Written by 2017 Participants
LEADERSHIP PROGRAM EXPLORES VIBRANT COMMUNITIES
Participants of the Loddon Murray Community Leadership Program (LMCLP) 2017 spent the weekend of March 26 and 27 in Swan Hill discovering how individuals and organisations contribute to a vibrant community.
Sunday’s program focused on using different forms of media effectively, responsibly and forming relationships in your own local towns with media resources.
Participants appreciated being welcomed to community radio station SMART FM (99.1) and hearing about how it is run by volunteers and how they keep the radio station modern and vibrant. One or two participants even had a chance to practice their media skills briefly on air!
Cassandra Klabbers from Smart FM then joined a panel of local community media experts which also included Felicia Chalmers (ex-editor of the Guardian newspaper), and Paul Dillon from Mallee Rising. They discussed how participants can use print, radio or digital technologies to connect with and celebrate their regional communities. “One of the key things the local media can do to help promote positivity and build local pride” said Felicia Chalmers.

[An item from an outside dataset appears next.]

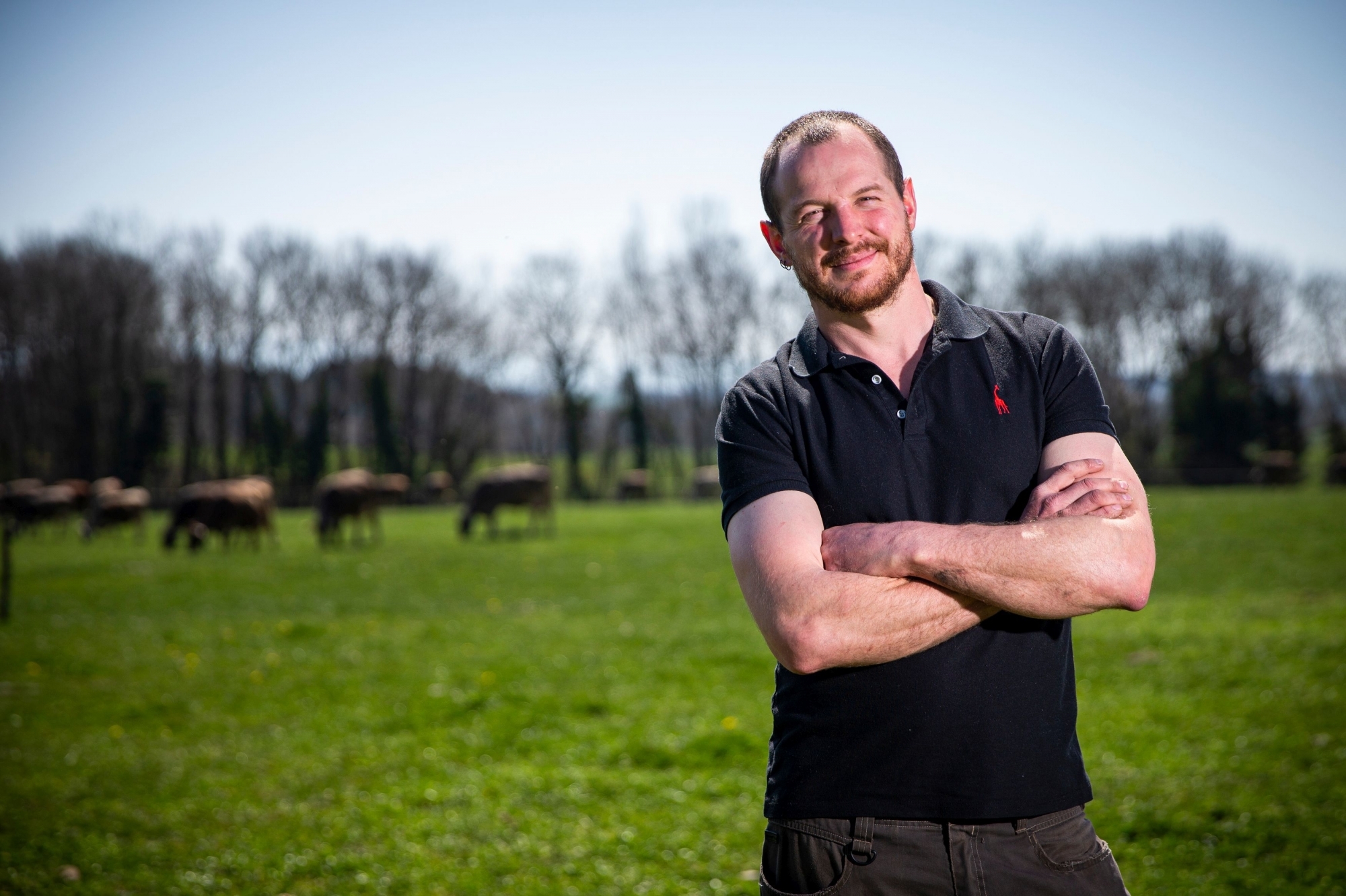 A 31 ans, Alain Lambercy produit du lait de gruyère à Montricher et est l'agriculteur référent du projet AquaMorges.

Community Leadership Loddon Murray’s Executive Officer Julie Slater then shared her expertise on traditional and emerging media styles, explaining that “confidence (in using the media): is going after Moby Dick in a rowboat and taking the tartar sauce with you”.
A tour of the Pioneer Settlement was conducted by Team Leader, Glynis Pitts who spoke passionately about economic development, tourism and working effectively with a large volunteer program. Glynis inspired participants with her view that “if you’re a good leader you can inspire others – you lead and listen to others.”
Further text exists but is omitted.